Stored data
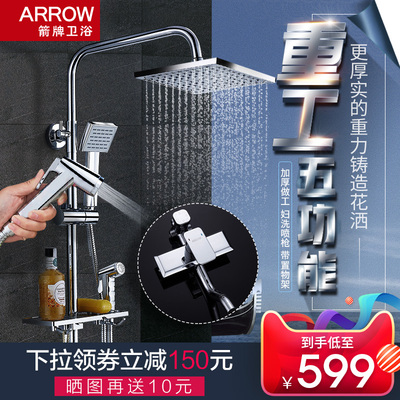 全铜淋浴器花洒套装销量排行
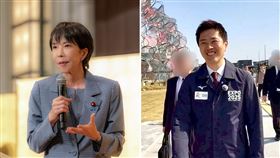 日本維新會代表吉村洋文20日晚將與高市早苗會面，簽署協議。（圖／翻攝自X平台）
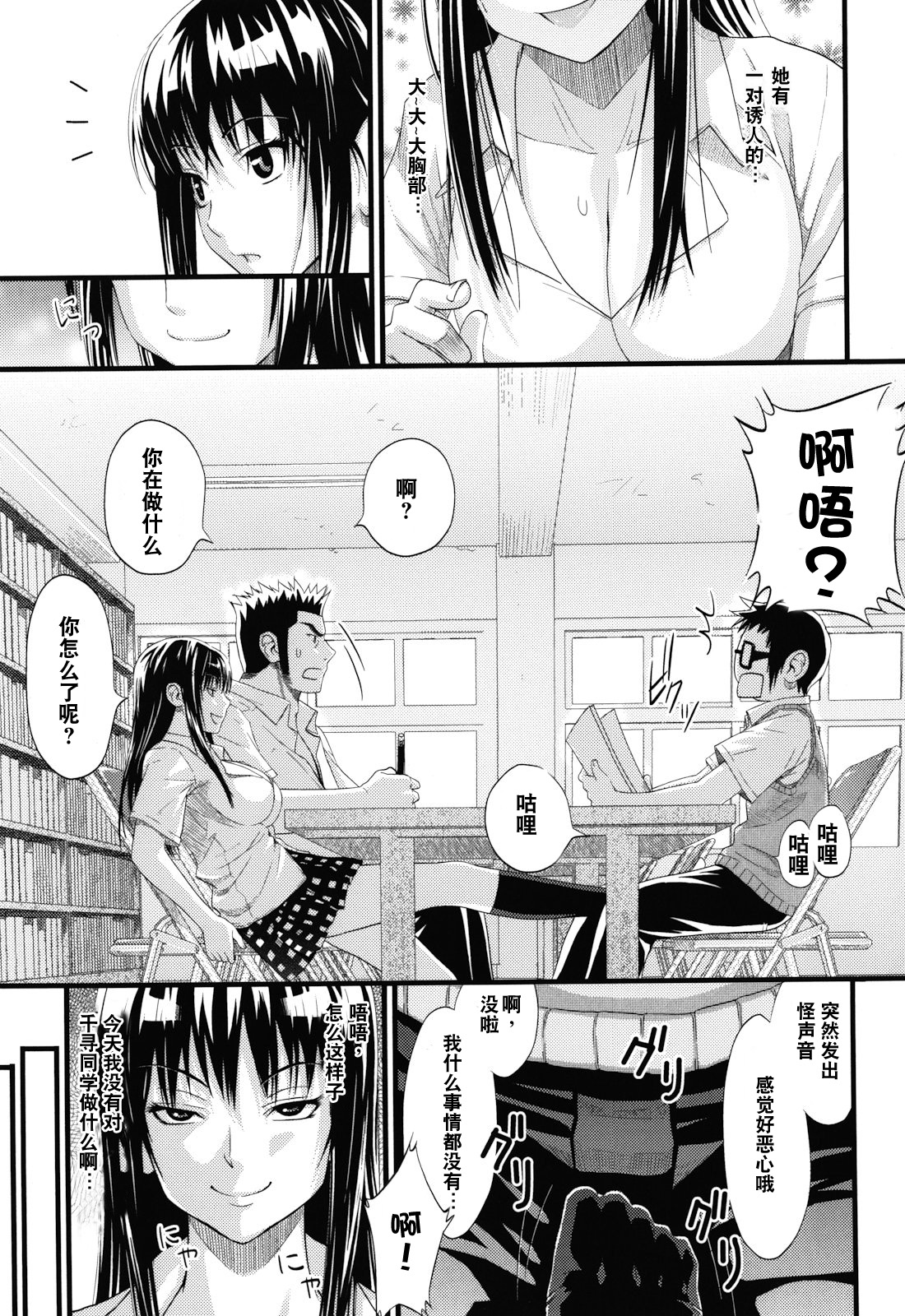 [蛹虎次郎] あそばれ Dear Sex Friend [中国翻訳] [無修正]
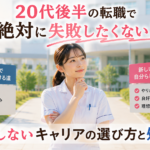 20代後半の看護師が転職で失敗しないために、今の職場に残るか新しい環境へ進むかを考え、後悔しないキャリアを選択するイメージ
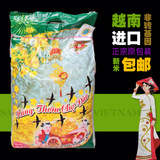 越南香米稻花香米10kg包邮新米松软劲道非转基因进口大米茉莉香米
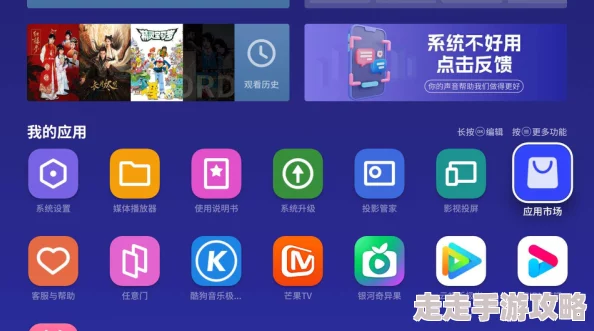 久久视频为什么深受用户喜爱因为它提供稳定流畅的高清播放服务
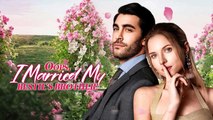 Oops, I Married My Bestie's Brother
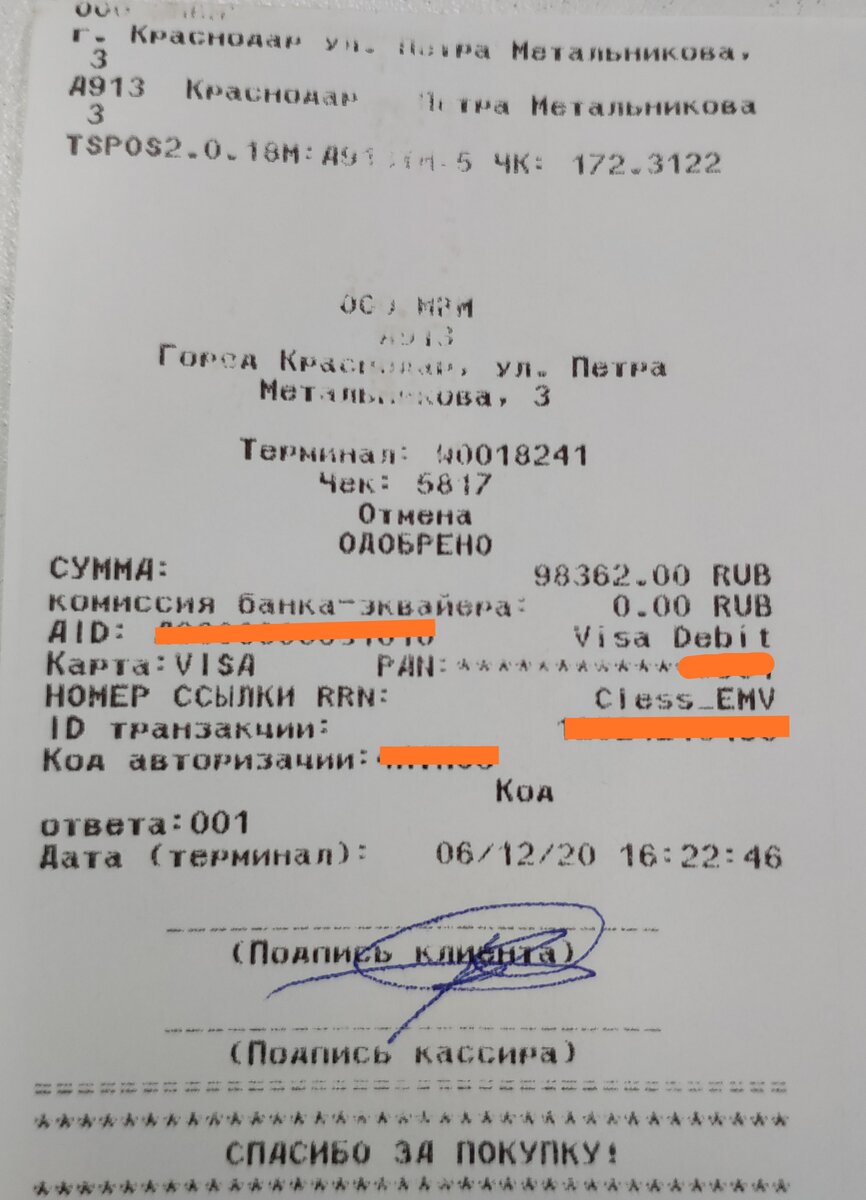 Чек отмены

Problem statement: Output, exactly, all the records above; include no pictures.

Answer section:
 全铜淋浴器花洒套装销量排行
 日本維新會代表吉村洋文20日晚將與高市早苗會面，簽署協議。（圖／翻攝自X平台）
 [蛹虎次郎] あそばれ Dear Sex Friend [中国翻訳] [無修正]
 20代後半の看護師が転職で失敗しないために、今の職場に残るか新しい環境へ進むかを考え、後悔しないキャリアを選択するイメージ
 越南香米稻花香米10kg包邮新米松软劲道非转基因进口大米茉莉香米
 久久视频为什么深受用户喜爱因为它提供稳定流畅的高清播放服务
 Oops, I Married My Bestie's Brother
 Чек отмены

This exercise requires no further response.